:: Work task ::
Return the listing exactly, please; no pictures.

****************************************

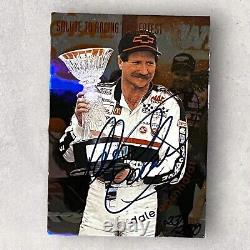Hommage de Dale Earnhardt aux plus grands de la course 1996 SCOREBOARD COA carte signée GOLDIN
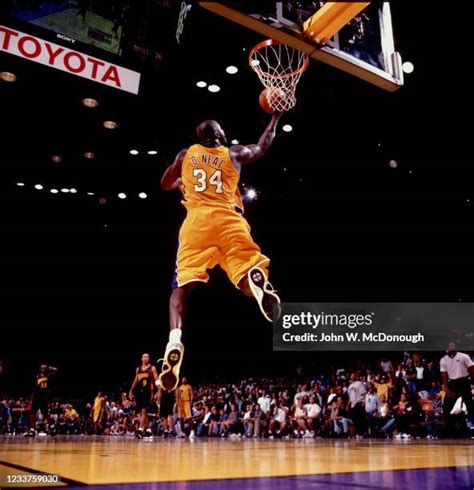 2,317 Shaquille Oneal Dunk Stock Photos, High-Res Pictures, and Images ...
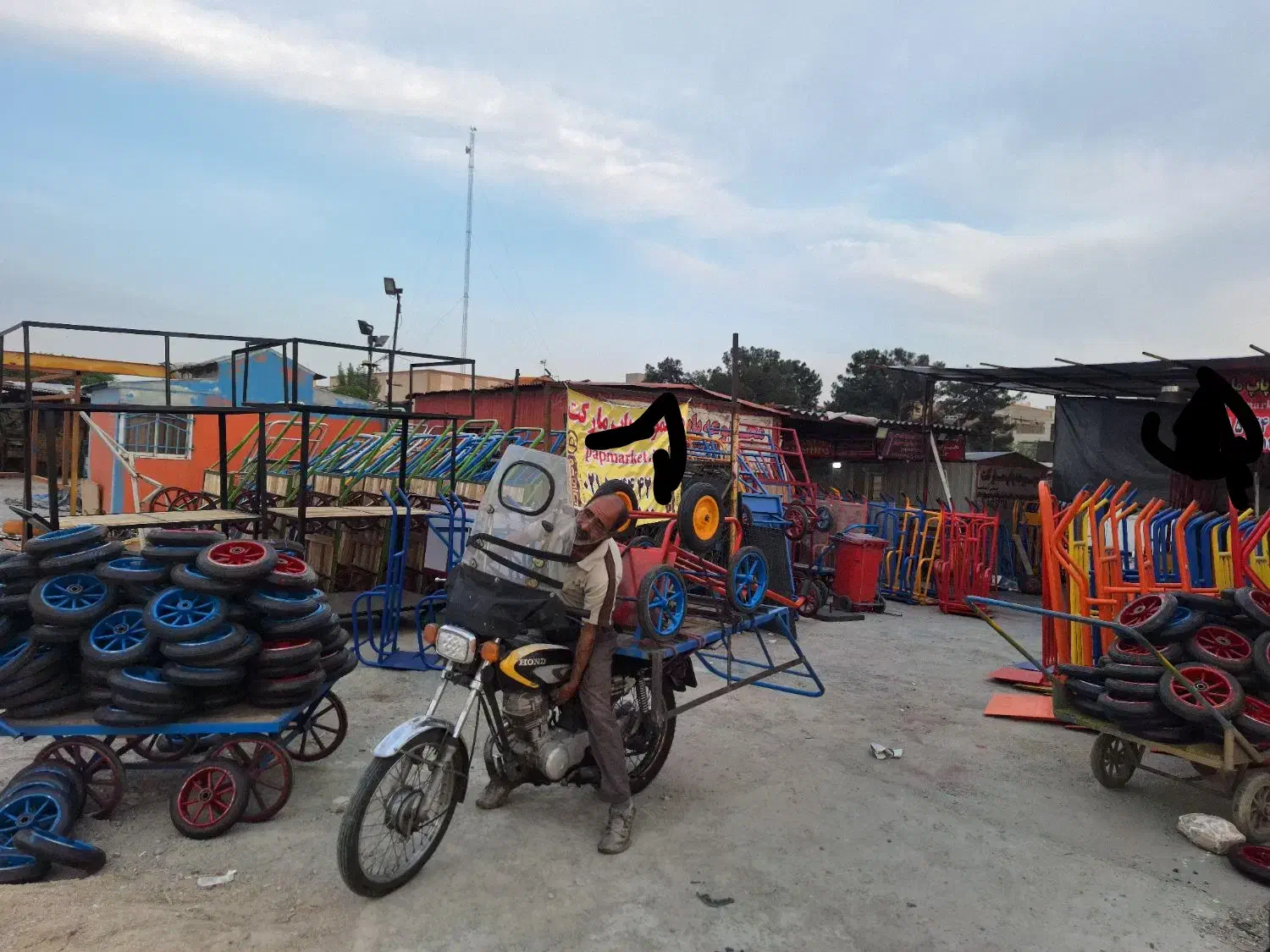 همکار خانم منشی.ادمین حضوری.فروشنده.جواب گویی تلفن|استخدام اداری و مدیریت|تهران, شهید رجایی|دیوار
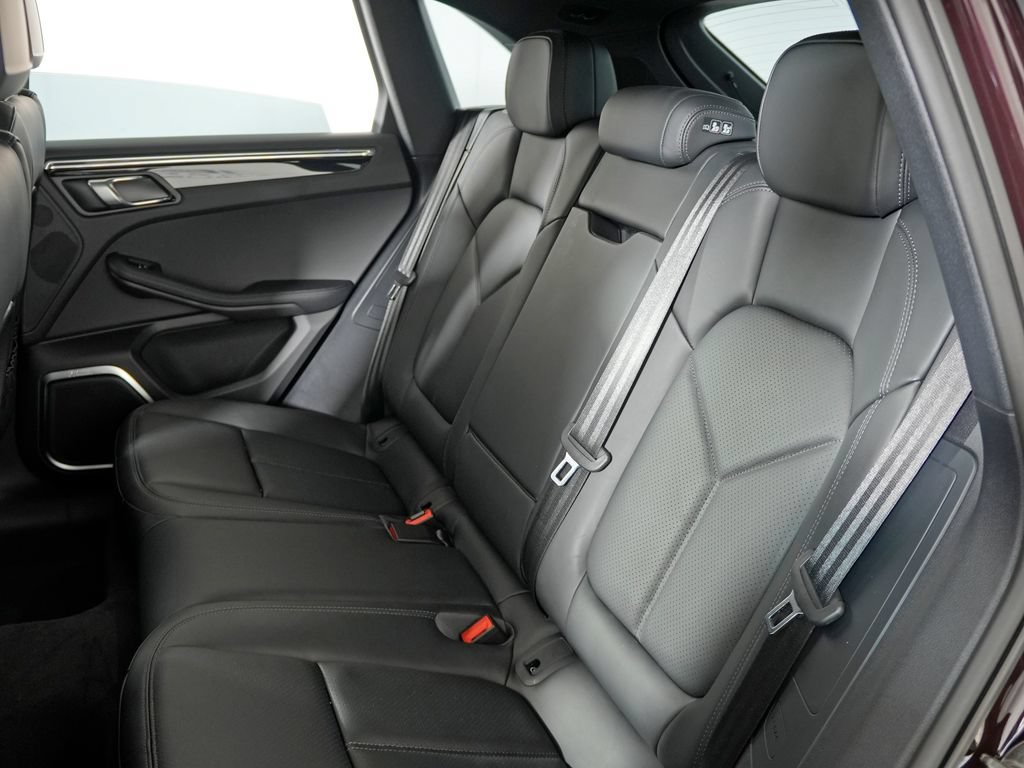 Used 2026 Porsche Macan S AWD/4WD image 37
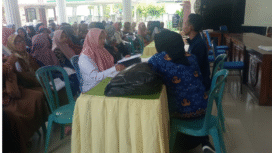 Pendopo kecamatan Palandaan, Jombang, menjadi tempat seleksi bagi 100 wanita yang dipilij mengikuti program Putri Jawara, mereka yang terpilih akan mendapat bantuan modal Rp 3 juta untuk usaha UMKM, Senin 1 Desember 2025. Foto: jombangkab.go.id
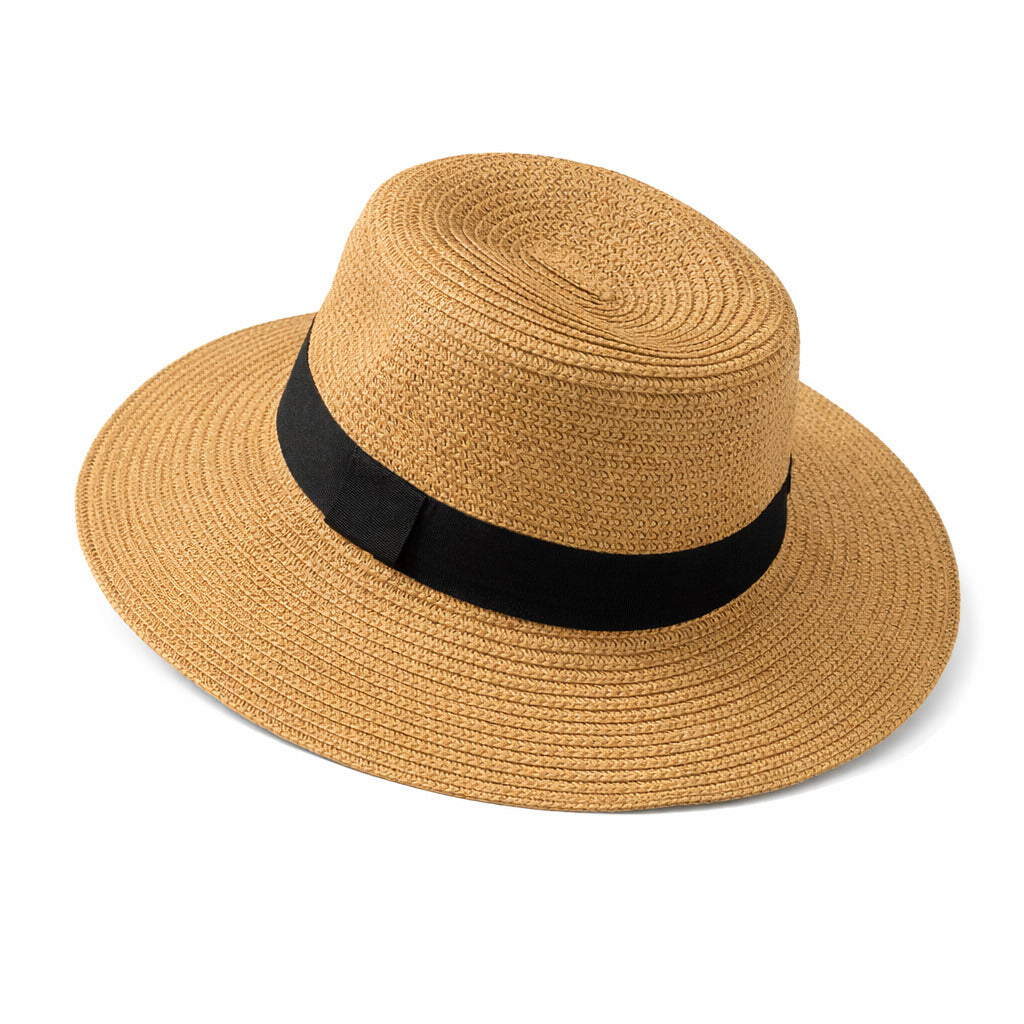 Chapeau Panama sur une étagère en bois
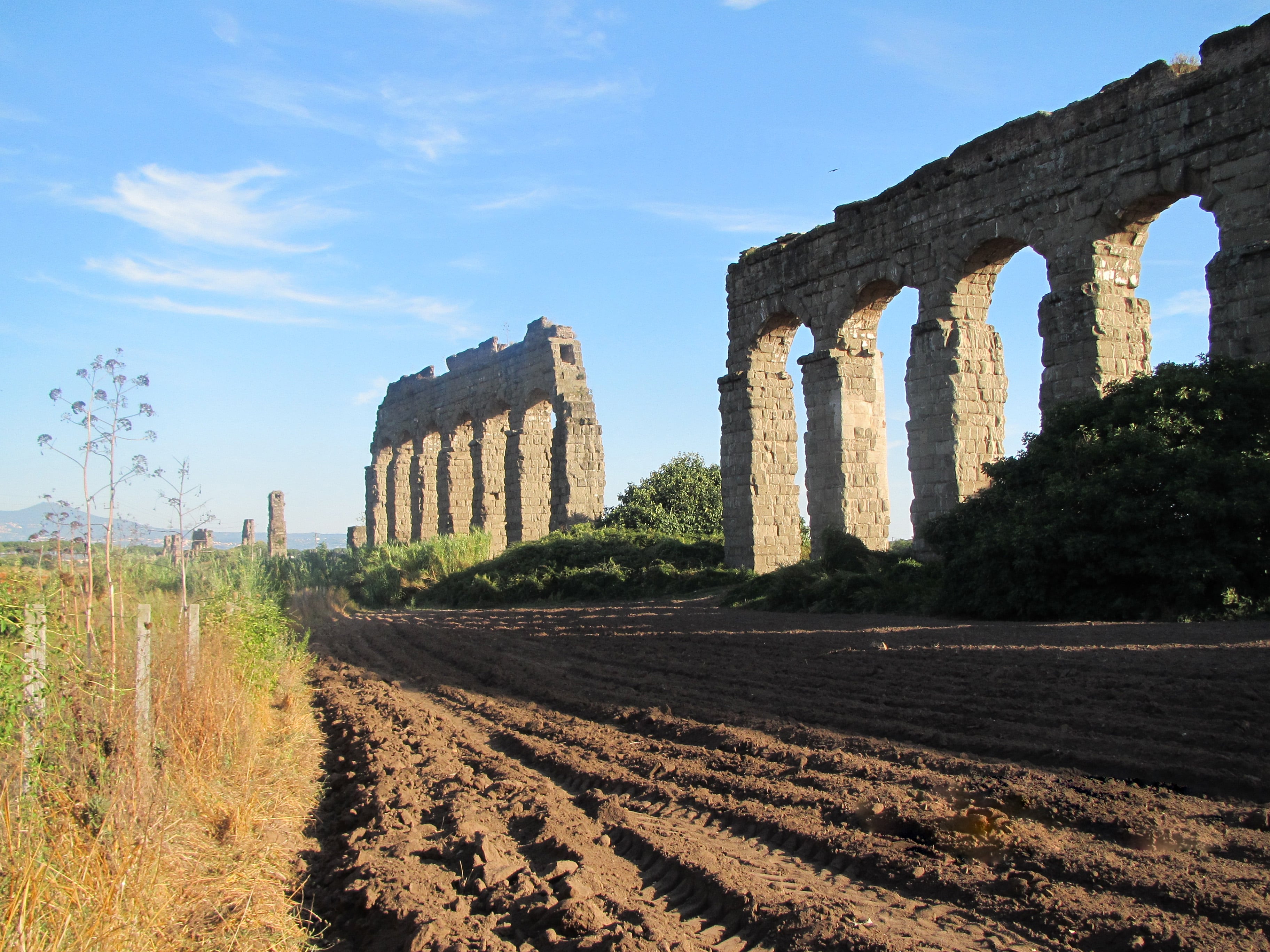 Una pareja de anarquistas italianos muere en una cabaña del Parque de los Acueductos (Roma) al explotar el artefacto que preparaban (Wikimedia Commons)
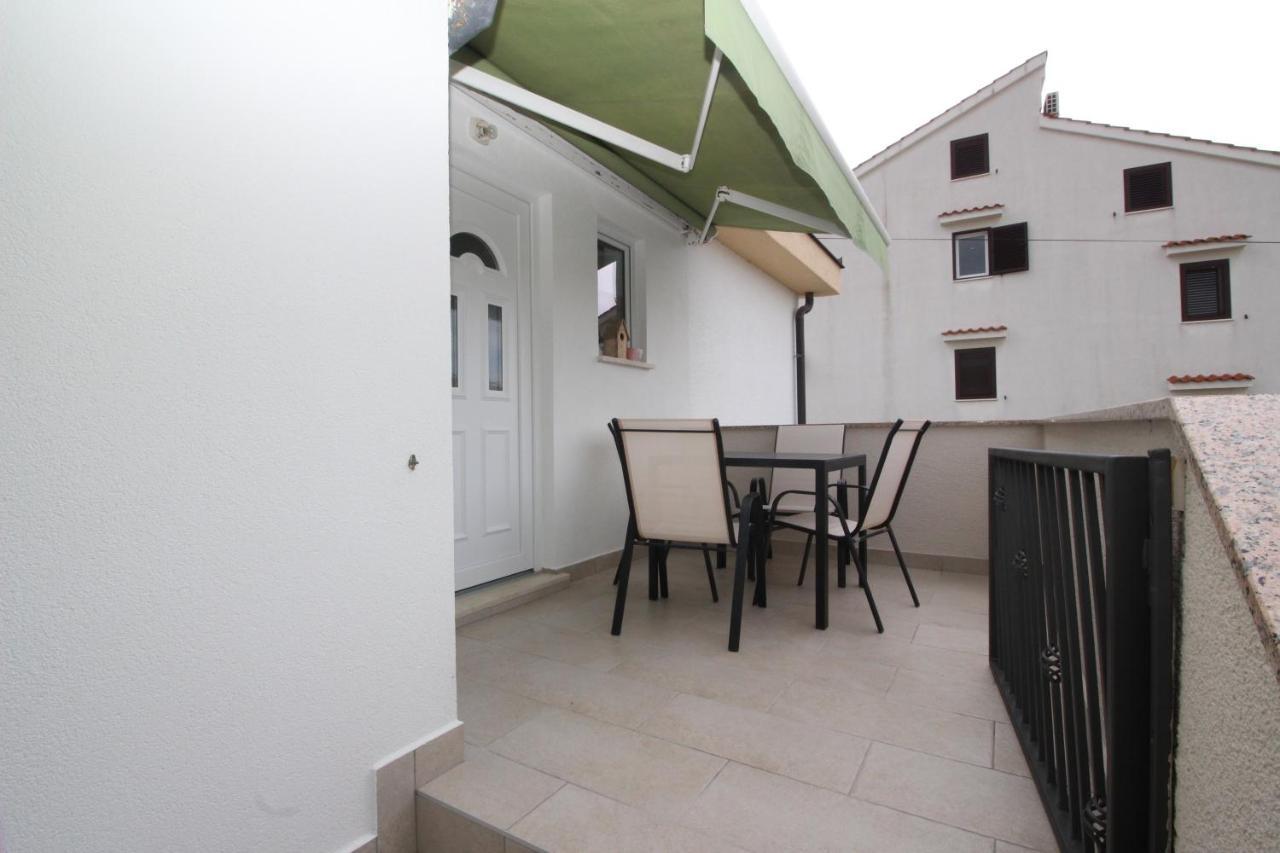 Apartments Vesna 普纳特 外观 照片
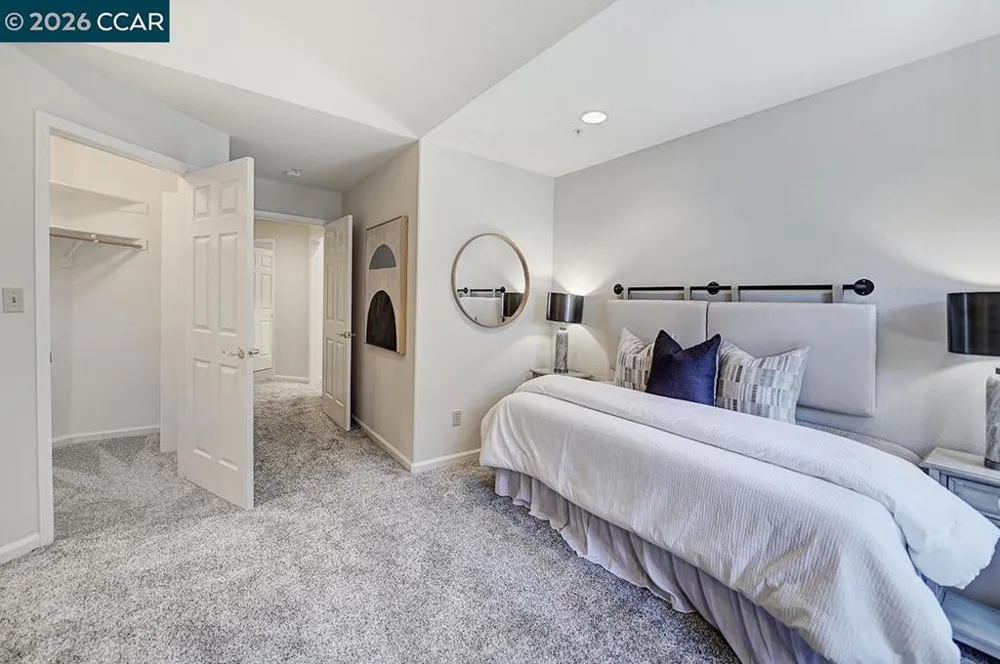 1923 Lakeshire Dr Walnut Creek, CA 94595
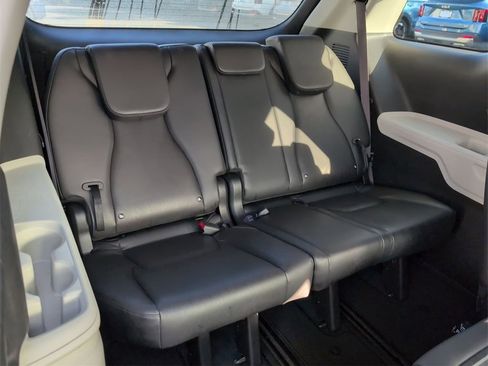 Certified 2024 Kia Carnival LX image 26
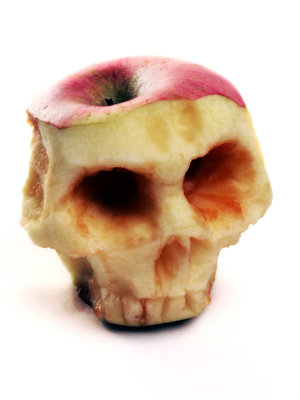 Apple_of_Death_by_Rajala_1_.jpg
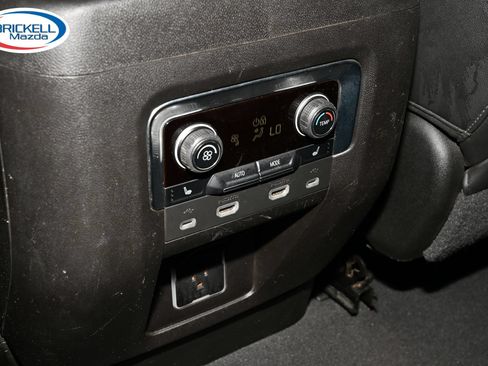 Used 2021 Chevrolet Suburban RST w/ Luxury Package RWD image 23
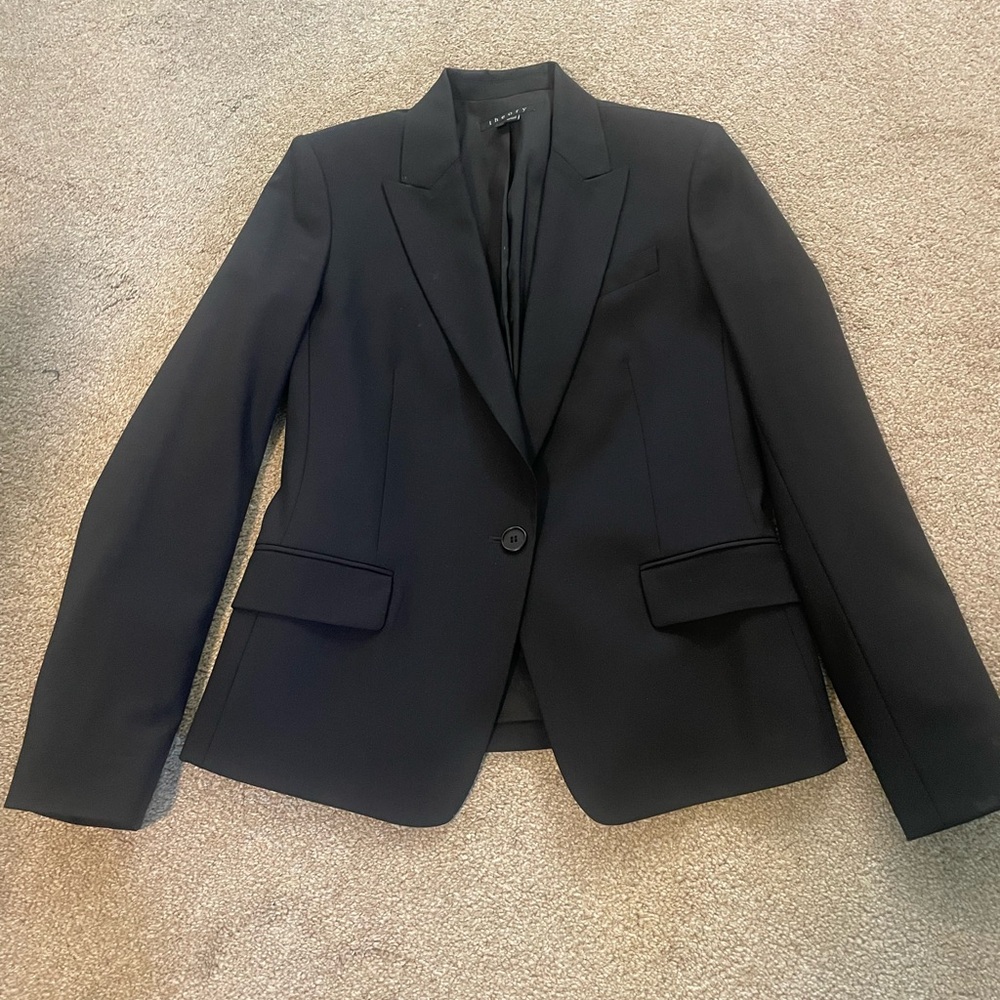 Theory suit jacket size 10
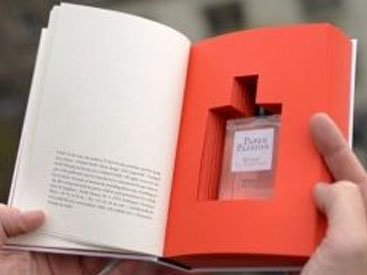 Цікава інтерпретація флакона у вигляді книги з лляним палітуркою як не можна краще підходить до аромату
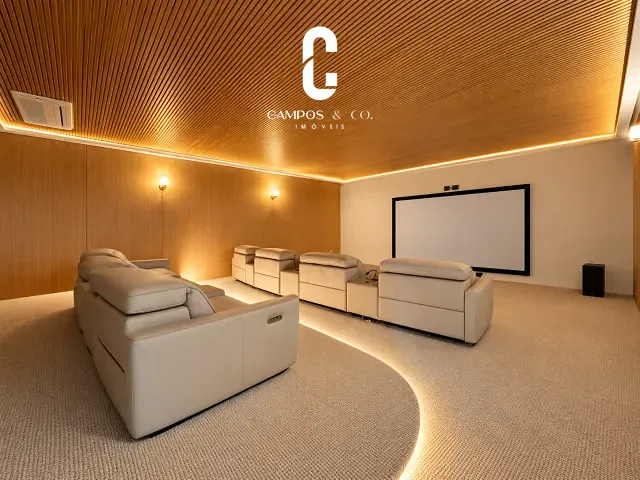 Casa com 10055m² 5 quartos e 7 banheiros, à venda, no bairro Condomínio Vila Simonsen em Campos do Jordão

****************************************

:: Result of the task ::
Hommage de Dale Earnhardt aux plus grands de la course 1996 SCOREBOARD COA carte signée GOLDIN
 2,317 Shaquille Oneal Dunk Stock Photos, High-Res Pictures, and Images ...
 همکار خانم منشی.ادمین حضوری.فروشنده.جواب گویی تلفن|استخدام اداری و مدیریت|تهران, شهید رجایی|دیوار
 Used 2026 Porsche Macan S AWD/4WD image 37
 Pendopo kecamatan Palandaan, Jombang, menjadi tempat seleksi bagi 100 wanita yang dipilij mengikuti program Putri Jawara, mereka yang terpilih akan mendapat bantuan modal Rp 3 juta untuk usaha UMKM, Senin 1 Desember 2025. Foto: jombangkab.go.id
 Chapeau Panama sur une étagère en bois
 Una pareja de anarquistas italianos muere en una cabaña del Parque de los Acueductos (Roma) al explotar el artefacto que preparaban (Wikimedia Commons)
 Apartments Vesna 普纳特 外观 照片
 1923 Lakeshire Dr Walnut Creek, CA 94595
 Certified 2024 Kia Carnival LX image 26
 Apple_of_Death_by_Rajala_1_.jpg
 Used 2021 Chevrolet Suburban RST w/ Luxury Package RWD image 23
 Theory suit jacket size 10
 Цікава інтерпретація флакона у вигляді книги з лляним палітуркою як не можна краще підходить до аромату
 Casa com 10055m² 5 quartos e 7 banheiros, à venda, no bairro Condomínio Vila Simonsen em Campos do Jordão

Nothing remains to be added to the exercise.